Teknik adam, futbolcu, hakem, menajer vs. ne olmak istersen iste yetenekli olman yetmez. İstisnalar olsa da bu Türkiye’de her alanda görülen bir gerçek. Bu sebeple 75 milyonluk nüfus içinden Hırvatistan’ı yenecek bir milli takım çıkartamıyor ve takımın başına bir Türk evladı getiremiyoruz. Sırtımızı da üç dört milyon Türk’ün yaşadığı Avrupa’ya dayamışız. Böyle idare ediyoruz. Avrupa ise üç, dört milyon Türk’ün arasından Mesut Özil, Nuri Şahin, Hamit Altıntop ve nicelerini yetiştirip Real Madrid’te oynatıyor ve milli takımlarına alıyor. İşin türkçesi; asimilasyona futbol üzerinden de devam ediyorlar. Biz de 75 milyonluk Türkiye’ye masal anlatıyoruz.
Hırvatistan’a yenilmekle Barzani’ye “ağbi” demek arasında ben bir fark göremiyorum. Depremler karşısında aciz kalışımızla Hırvatistan karşısında darmaduman oluşumuz arasında da büyük bir bağ var. Hatta Hırvatistan’ın bize yarattığı son bozgunla Balkanları kaybettiğimiz bozgun arasında da sebep sonuç ilişkisi açısından büyük benzerlikler görüyorum.
Onun için inşallah bu “son bozgun” aklımızı başımıza getirir. Her şeyin başına asli cevherinden şüphe etmeyeceğimiz ehliyet ve liyakat sahibi kendi evlatlarımızı koyarız. Gençlerimizi yetiştirip onlara hak ettikleri fırsatı veririz. Milli sermayemizi dışarıya dağıtmadan az para ile çok şeyleri başarırız. Her işin gerektirdiği doğruları yaparsak değil Hırvatistan cümle alem önümüze gelse yener geçeriz. Bir de işin manevi tatmini var.
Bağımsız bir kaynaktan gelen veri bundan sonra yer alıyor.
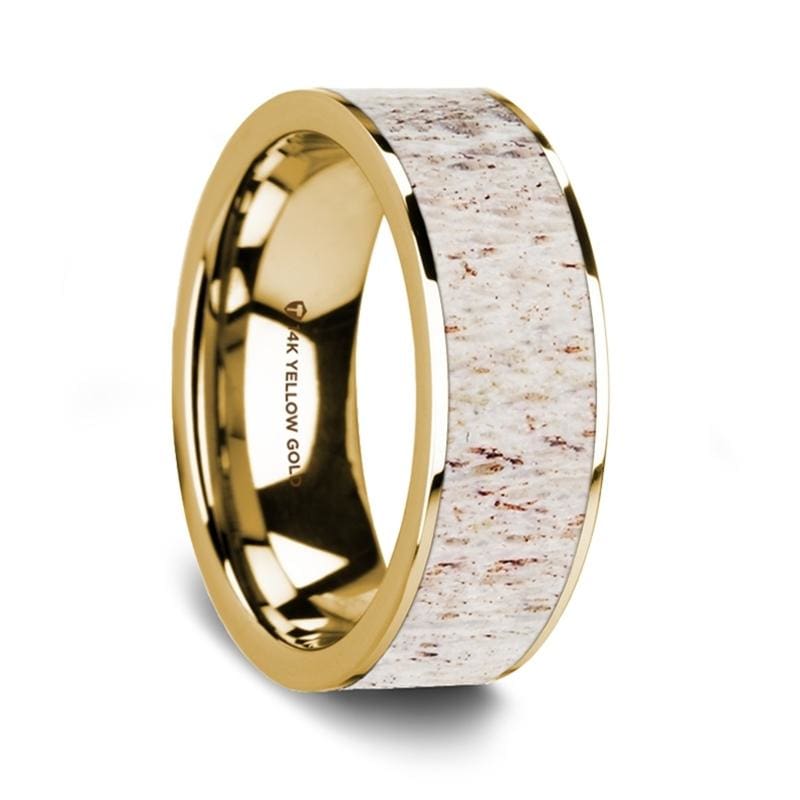 Jaakko 14K Yellow Gold Wedding Ring with White Deer Antler Inlay Flat Polished - 8 mm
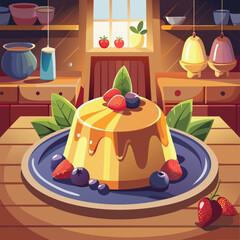 British Pudding Day – Traditional Dessert with Custard and Berries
Ay yıldızlı bayrak gücümüz ve kudretimizle dünyanın her yerinde bir nazlı gelin gibi sallansa fenamı olur? Ah aksi şeylerin ne zararlar verdiğini bir bilseniz…
Gelin şimdi anlattığımız futbol ve Hırvatistan mağlubiyeti üzerinden içinde bulunduğumuz durumu tefekkür edin. Bana sorarsanız; ben hiç bozgun yaşamak istemiyorum ama hep tam tersi oluyor. Kabahati Hiddink’e ve Hırvatlara bulmadan nereden hataya yapıyorsak onu bularak, bozgunlara uğramaktan kurtulalım. Yoksa bu bozgunları kader zannedeceğiz…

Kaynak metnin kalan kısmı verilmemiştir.